The Oxford Real Farming Conference was established by Colin Tudge and Graham Harvey in 2010, in direct response to the Oxford Farming Conference (OFC). Both events take place over the same days in January, and are situated just down the road from each other. Over its 60-year history, the OFC has predominantly represented corporate interests in agribusiness, food retail and government. The Oxford Real Farming Conference however focuses on agricultural sustainability, and aims to give a voice to smaller farmers, and solutions for re-localised food systems. If the ORFC aims to expand and democratise ‘alternative’ agricultural systems, the OFC promotes conventional agricultural ideas, technological fixes, and ‘business as usual’ narratives.
This years ORFC saw a group of delegates politely protest the Oxford Farming Conference. Early on the morning of the second day, around 70 delegates, organised by the Landworkers Alliance, rallied outside to protest the expensive ticket price, lack of access for small farmers, and to object to media coverage that promotes the OFC agenda as the only future for mainstream agriculture.
Feedback at the ORFC afterwards was positive. Protesters felt that a large number of delegates had been interested and receptive to their points, and that there was an opportunity for increased dialogue between the two events.

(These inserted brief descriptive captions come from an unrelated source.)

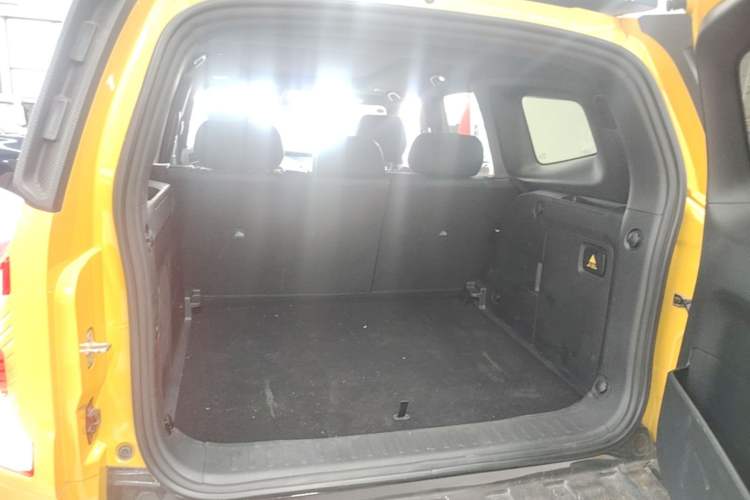Used Deepal G318 2025 Worry-Free Adventure Edition Four-Wheel Drive Secret Realm Version Trunk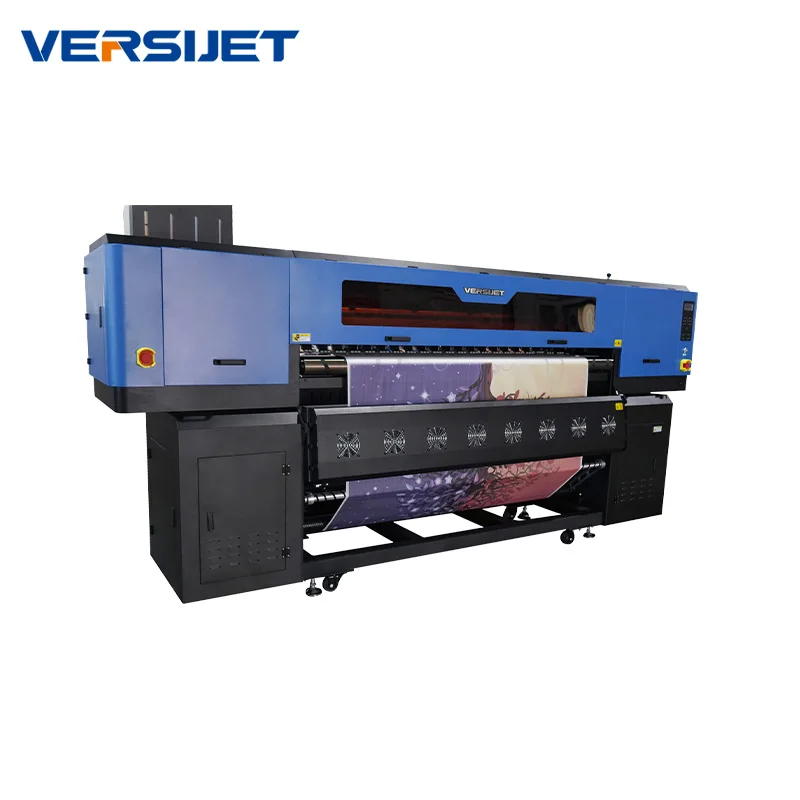 1-Year Warranty Semi-Automatic Large Format Inkjet Sublimation Printer Essential Gearbox Motor-for Printing Shops Factory Use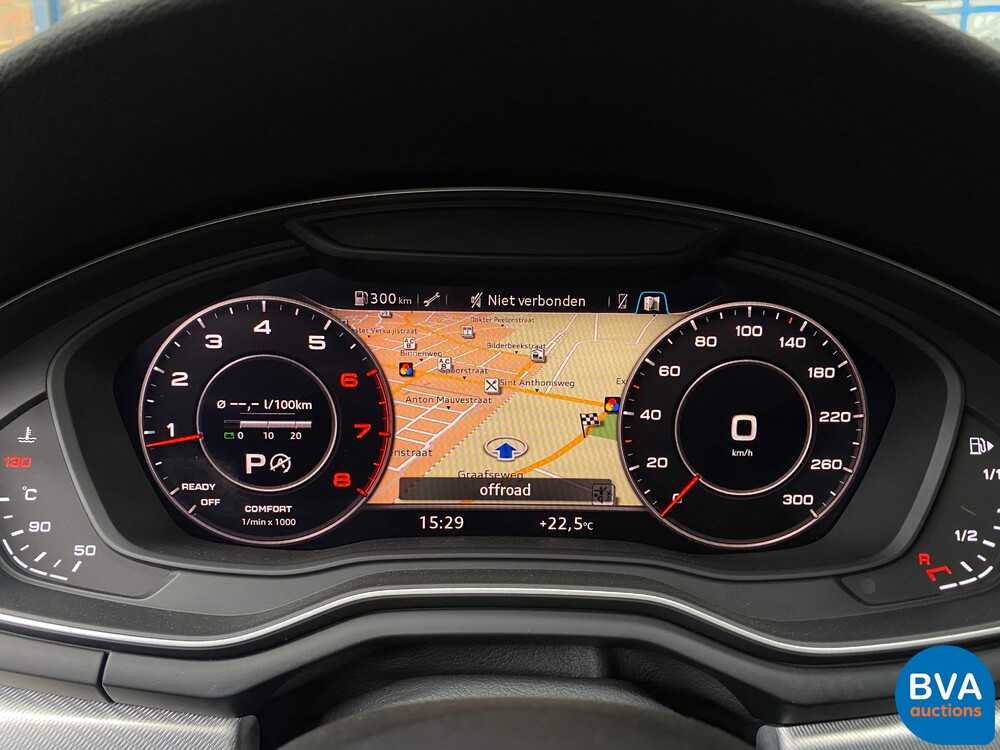 Audi A5 Coupé 40 TFSI Design Pro Line Plus 190 PS 2019, L-617-RL.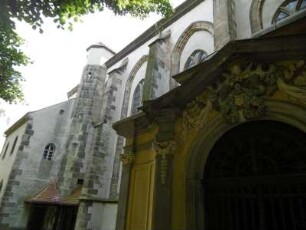 Görlitz: Nikolaikirche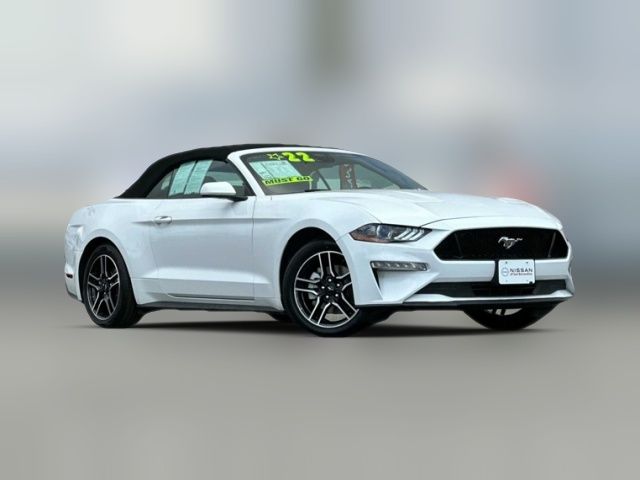 2022 Ford Mustang EcoBoost Premium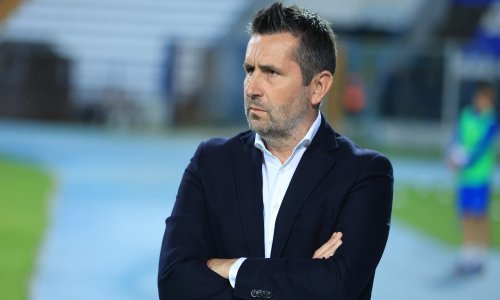 [VIDEO/FOTO] Nenad Bjelica oglasio se nakon drame u derbiju s Goricom; trener Osijeka imao je posebnu poruku za svoje igrače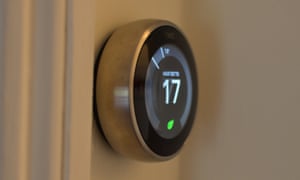 nest learning thermostat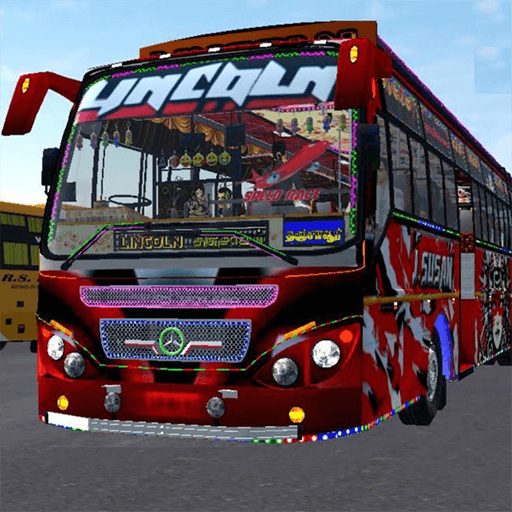 Tamil Bus Mod Livery - Indones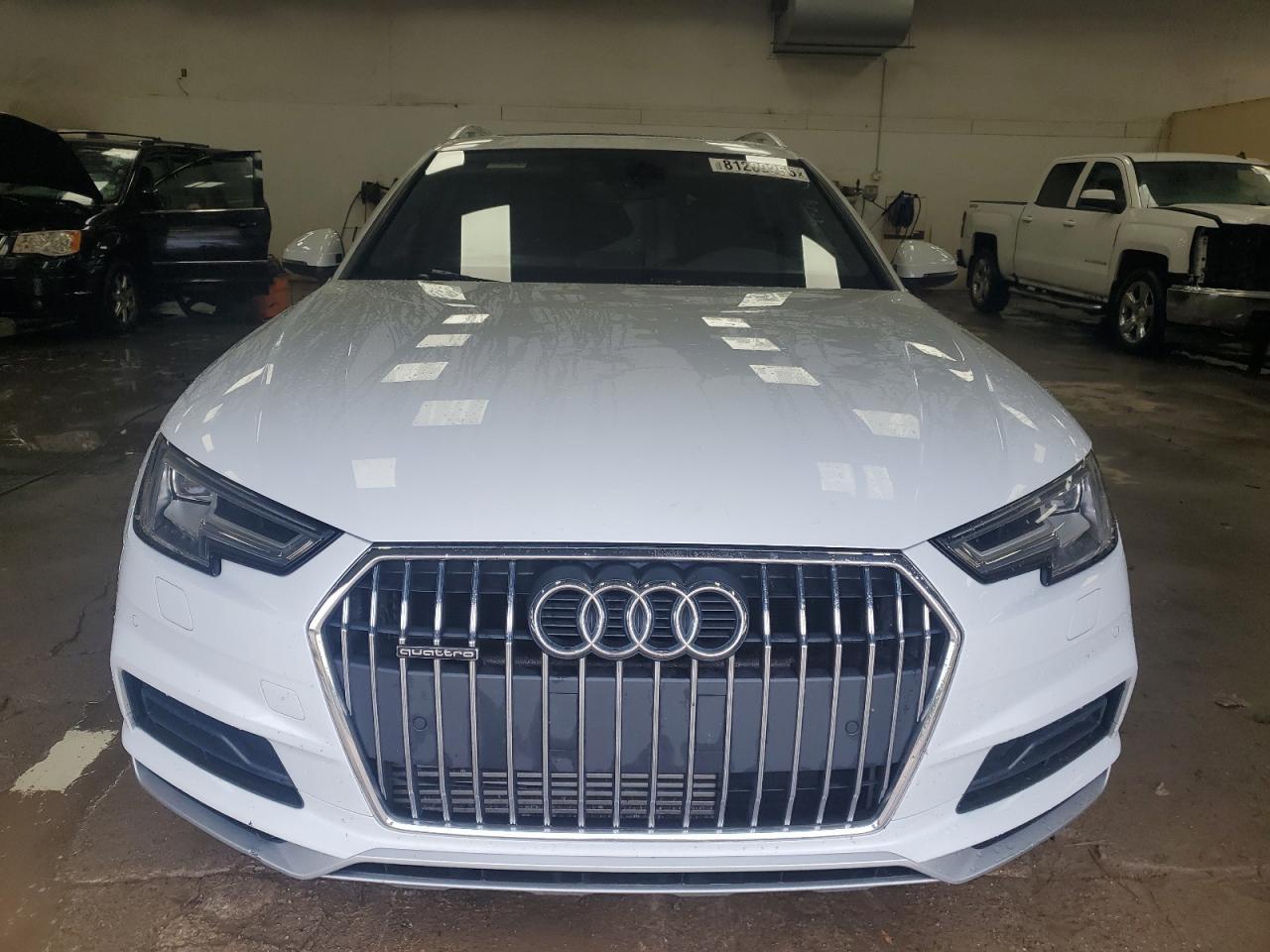 2018 AUDI A4 allroad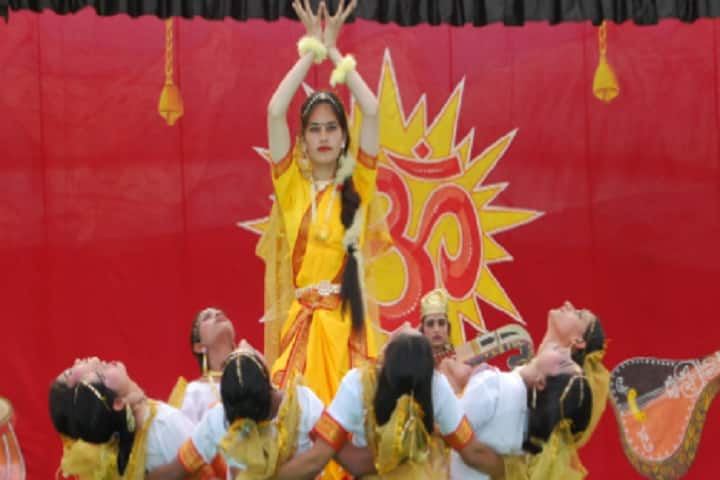 Seth Tarif Singh Jain College campus in Baghpat, Uttar Pradesh, India — photo 4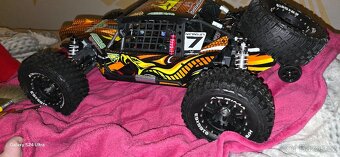 RC auto Mamba 7 Absima 1:7 - 2
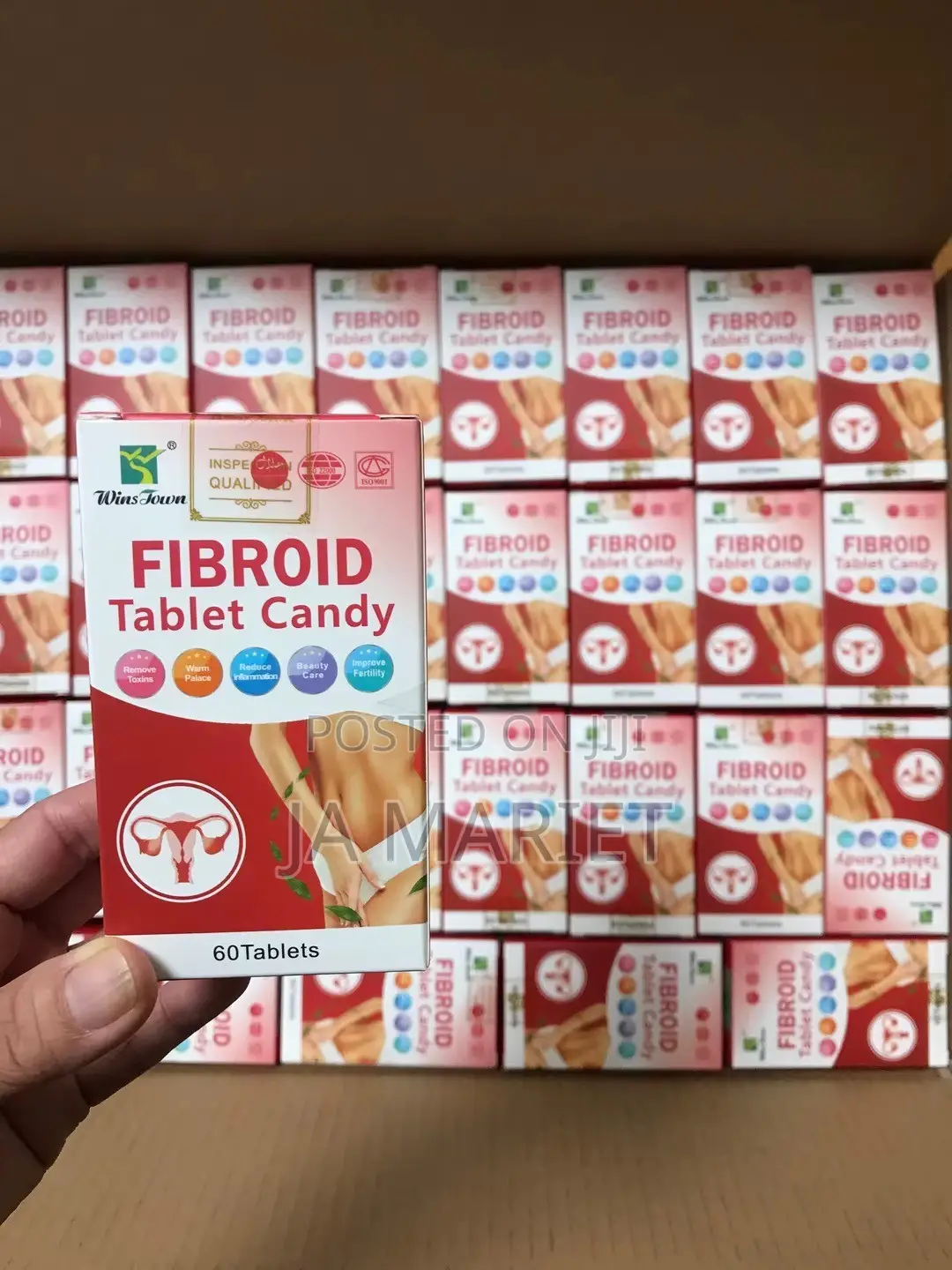 Fibroid Tablet Candy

This feedback was supported by the debate that took place at the ORFC ‘True Cost Accounting‘ session organised by the Sustainable Food Trust. Several conventional farmers were present at this session, and sparked an interesting conversation about the desire of many to move towards increased sustainability. They wanted to make the point that the decision to switch farming practices was not as simple as a desire for sustainability, but involved many complex factors including financial viability, access to skills and labour, and how to manage the shift on land that had been farmed intensively for the last 30-plus years.
What are the issues we face?
Challenges mentioned included; peak oil, climate change, agricultural greenhouse gas emissions, soil degradation, diversity loss of seeds, fauna and flora, food waste, obesity, malnutrition, inequality and cultural shifts. To name just a few…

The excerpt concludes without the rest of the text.